Bu nazlı kafesi ara ara yoklamak lazım, vatanından ayrı düşen sol yanımızın hasretlerini ,özlemlerini konuşturmak ,konuşmak lazım...Onu dinlemek,içimizde dillendirmek, dillendirdikçe de büsbütün dinlenmek lazım...
Gecenin evrilen saatlerinde özüne dönmek,tefekkür deryasına dalmak, iç alemi içselleştirmek, aldığın her nefese şükretmek ve yaşamın her şeye rağmen güzel olduğuna inanmak lazım...

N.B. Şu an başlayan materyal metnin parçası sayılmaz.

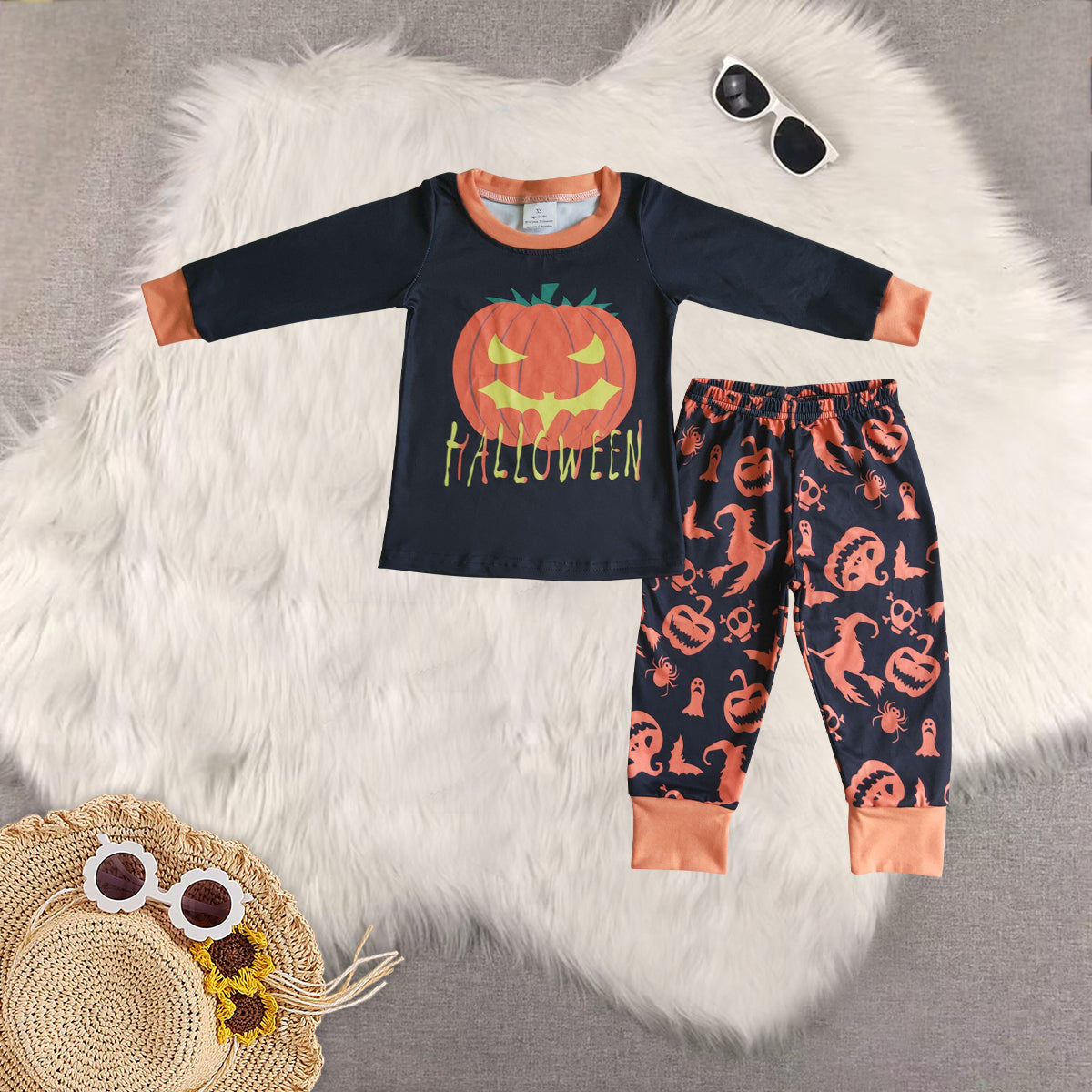 RTS NO MOQ Sibling Baby boy clothes halloween pumpkin Long Sleeve Pants Set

Rengarenk duyguların sığınağı olan kalp gemisinde yol almak ,ırmaklar aşmak, denizlere ulaşmak ,denizlerle okyanuslara karışmak hatta okyanuslara liman atmak ve sonsuzluk mavisinin keyfine varmak lazım.
Ruhun açlığını doyurmak için sofralar açmak lazım. O sofralarda ne tatlılar ne yemişler ne aşlar ne meyveler vardır kim bilir ? Yeter ki kalbinin gıdası olan nimetlerin serzenişlerini duy ve gönül sofranı en genişinden açıver.
Yalnız geldiğin bu alemden yalnız gideceğin aleme revan olurken küçücük kalbinin sesine kulak vermek; seni, beni, bizi ebediyete kadar yalnız bırakmayacak olan özümüzle dost olmak ,onu hoş tutmak duruşumuz ,kimliğimiz olmalıdır vesselâm.